Humboldts grundlegende politische Ideen die er als preußischer Staatsmann entwickelt aber
selbst nicht systematisch dargestellt hat sind bisher wenig bekannt. Denn es gibt bisher von
seiner Staatsidee keine zusammenfassende Darstellung. Berühmt aber inhaltlich wenig beachtet
ist seine Jugendschrift über die Grenzen der Wirksamkeit des Staates. Darin behandelt er das
aktuelle Thema der Begrenzung der Staatsmacht und der Selbstverwaltung des geistigen und
wirtschaftlichen Lebens. Erfüllt von der tiefsten Achtung vor der menschlichen Individualität
ging es ihm darum Freiheitsräume für die Entwicklung und Entfaltung der Menschen in ihrer
individuellen Mannigfaltigkeit zu schaffen. Von dieser Schrift wird behauptet Humboldt habe
später seine Jugendideen aufgegeben und als preußischer Staatsmann diesen zuwider gehandelt.

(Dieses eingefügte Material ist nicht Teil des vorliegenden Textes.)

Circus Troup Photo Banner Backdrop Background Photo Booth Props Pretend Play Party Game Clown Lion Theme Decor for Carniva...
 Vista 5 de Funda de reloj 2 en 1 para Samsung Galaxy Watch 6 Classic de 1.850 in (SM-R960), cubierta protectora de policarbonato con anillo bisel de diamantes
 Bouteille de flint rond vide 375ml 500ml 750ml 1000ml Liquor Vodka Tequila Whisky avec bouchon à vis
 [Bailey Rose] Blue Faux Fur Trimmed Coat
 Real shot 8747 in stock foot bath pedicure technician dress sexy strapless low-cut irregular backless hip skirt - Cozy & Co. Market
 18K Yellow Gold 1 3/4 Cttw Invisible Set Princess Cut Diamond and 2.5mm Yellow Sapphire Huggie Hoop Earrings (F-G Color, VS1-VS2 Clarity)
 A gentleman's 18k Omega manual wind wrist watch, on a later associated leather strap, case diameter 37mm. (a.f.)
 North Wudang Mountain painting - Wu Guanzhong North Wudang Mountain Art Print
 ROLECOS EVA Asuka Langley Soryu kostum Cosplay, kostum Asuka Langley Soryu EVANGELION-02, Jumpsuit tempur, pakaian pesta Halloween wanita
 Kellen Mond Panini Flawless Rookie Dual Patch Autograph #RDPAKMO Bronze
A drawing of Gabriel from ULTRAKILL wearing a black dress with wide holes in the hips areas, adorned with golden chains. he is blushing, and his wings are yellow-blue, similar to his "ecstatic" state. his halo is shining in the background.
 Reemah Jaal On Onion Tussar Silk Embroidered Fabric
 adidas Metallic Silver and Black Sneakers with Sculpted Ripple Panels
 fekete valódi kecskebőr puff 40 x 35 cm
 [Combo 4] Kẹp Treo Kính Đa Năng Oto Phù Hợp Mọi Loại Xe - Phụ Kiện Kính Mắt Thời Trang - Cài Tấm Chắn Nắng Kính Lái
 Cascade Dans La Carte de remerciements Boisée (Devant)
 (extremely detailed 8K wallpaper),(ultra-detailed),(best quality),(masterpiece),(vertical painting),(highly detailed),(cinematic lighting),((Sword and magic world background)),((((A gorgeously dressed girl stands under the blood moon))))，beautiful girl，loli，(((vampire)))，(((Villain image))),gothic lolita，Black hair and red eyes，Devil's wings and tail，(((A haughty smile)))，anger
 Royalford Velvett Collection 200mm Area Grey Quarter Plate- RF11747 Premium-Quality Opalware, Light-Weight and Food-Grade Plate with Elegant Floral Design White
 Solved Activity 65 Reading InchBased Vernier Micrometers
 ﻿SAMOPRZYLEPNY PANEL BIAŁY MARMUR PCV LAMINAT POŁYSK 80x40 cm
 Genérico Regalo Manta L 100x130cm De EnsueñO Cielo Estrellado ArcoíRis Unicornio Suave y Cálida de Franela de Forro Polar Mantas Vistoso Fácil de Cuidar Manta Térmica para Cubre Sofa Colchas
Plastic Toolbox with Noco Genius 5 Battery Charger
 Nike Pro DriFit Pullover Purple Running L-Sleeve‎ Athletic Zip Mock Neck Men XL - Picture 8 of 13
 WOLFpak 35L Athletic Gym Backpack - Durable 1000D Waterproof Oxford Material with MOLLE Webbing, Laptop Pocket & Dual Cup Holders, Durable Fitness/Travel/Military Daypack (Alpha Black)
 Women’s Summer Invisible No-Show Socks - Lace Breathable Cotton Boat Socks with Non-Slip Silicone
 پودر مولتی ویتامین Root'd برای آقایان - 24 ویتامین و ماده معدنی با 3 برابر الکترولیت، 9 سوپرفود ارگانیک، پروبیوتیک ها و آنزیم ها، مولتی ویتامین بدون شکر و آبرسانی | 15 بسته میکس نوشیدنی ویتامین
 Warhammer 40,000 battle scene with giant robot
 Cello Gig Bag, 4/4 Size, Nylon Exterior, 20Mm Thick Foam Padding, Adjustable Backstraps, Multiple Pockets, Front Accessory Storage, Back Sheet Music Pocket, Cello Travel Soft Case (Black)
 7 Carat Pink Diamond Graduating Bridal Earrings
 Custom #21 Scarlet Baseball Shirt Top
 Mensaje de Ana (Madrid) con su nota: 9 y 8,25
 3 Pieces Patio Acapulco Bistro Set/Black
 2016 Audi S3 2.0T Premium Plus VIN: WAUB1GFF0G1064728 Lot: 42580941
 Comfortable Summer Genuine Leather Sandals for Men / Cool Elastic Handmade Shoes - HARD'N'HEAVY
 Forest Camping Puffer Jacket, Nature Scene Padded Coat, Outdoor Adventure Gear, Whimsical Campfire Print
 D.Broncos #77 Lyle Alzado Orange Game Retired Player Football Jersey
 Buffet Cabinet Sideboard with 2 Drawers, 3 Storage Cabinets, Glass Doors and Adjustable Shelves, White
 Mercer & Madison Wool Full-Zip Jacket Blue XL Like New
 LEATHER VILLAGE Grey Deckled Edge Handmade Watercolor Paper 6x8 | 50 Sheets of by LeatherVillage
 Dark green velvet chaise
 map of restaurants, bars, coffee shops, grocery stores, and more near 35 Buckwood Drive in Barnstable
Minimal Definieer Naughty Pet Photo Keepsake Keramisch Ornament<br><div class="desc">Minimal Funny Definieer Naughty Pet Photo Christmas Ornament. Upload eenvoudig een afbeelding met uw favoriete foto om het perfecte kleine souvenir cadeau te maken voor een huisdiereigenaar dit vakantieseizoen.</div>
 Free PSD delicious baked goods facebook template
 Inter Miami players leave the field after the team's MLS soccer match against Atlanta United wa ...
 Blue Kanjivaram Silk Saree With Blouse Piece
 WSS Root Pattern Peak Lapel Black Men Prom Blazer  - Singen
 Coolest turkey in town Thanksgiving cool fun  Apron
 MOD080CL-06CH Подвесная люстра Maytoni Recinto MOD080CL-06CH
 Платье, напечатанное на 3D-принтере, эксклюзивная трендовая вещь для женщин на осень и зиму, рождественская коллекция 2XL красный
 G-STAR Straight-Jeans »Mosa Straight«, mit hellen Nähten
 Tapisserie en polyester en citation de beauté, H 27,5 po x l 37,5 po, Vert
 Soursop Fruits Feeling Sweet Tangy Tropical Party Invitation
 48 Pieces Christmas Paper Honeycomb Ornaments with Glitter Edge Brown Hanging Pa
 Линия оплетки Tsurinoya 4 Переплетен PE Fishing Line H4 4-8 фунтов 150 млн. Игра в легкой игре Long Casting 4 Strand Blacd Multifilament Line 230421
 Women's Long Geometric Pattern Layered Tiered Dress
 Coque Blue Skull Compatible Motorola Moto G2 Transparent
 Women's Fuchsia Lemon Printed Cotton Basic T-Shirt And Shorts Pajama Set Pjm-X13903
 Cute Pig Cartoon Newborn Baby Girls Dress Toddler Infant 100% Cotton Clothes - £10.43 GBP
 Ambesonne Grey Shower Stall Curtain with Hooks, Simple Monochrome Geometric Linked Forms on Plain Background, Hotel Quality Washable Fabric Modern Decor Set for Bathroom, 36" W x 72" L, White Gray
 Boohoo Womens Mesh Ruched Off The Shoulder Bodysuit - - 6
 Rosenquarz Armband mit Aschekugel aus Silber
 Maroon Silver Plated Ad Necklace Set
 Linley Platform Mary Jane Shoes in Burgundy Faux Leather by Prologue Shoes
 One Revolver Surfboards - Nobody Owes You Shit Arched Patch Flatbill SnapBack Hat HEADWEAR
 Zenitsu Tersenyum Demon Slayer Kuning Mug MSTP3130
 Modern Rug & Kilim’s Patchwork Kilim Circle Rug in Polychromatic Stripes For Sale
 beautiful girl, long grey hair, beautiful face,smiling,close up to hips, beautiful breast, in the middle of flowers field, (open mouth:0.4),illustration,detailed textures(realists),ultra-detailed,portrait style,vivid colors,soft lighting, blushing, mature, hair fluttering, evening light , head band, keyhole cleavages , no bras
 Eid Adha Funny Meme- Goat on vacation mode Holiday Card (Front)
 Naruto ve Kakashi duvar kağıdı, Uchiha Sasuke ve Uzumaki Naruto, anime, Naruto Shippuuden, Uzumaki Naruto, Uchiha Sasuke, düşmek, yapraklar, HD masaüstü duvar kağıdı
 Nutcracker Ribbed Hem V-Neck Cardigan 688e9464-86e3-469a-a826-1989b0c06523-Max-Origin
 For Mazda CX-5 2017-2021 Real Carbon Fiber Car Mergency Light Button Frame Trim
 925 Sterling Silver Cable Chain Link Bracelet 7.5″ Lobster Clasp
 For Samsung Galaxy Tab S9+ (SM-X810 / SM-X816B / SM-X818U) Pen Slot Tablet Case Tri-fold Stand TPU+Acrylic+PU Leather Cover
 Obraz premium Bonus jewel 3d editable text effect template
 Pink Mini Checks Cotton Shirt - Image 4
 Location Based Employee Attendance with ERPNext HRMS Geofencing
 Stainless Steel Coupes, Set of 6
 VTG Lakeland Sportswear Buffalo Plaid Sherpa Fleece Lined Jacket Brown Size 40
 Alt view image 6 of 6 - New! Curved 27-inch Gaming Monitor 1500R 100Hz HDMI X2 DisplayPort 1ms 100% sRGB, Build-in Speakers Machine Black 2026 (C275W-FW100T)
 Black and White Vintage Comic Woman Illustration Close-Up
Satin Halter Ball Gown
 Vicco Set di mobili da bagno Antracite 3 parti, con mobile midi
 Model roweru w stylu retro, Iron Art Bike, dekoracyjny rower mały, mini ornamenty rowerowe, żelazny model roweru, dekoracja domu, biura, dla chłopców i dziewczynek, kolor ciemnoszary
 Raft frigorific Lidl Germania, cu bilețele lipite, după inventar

Spitta weist nach daß diese Meinung unzutreffend ist. Im Gegenteil: Als Staatsmann versuchte
Humboldt seine Ideen über die Grenzen des Staates so weit wie möglich zu verwirklichen. In
seinen zahlreichen politischen Schriften hat Humboldt eine Fülle wichtiger und auch für die
heutige Zeit anregender und fruchtbarer Ideen entwickelt so insbesondere über die Mitwirkung
der Bürger am staatlichen Leben über die Organisation der Regierung und der staatlichen
Behörden über die deutsche Verfassung und über Deutschlands Stellung in Europa. Die
bedeutsamen Ideen Humboldts über die Verwirklichung seiner Staatsidee schließen die Darstellung
ab. Sein Biograph Friedrich Schaffstein zählte Wilhelm und Alexander von Humboldt »zu den
hervorragendsten Repräsentanten deutscher und europäischer Geistigkeit«. Angesichts der
heutigen Perspektivlosigkeit können Humboldts Ideen insbesondere seine grundlegende Idee von
den Grenzen der Wirksamkeit des Staates wegweisend sein.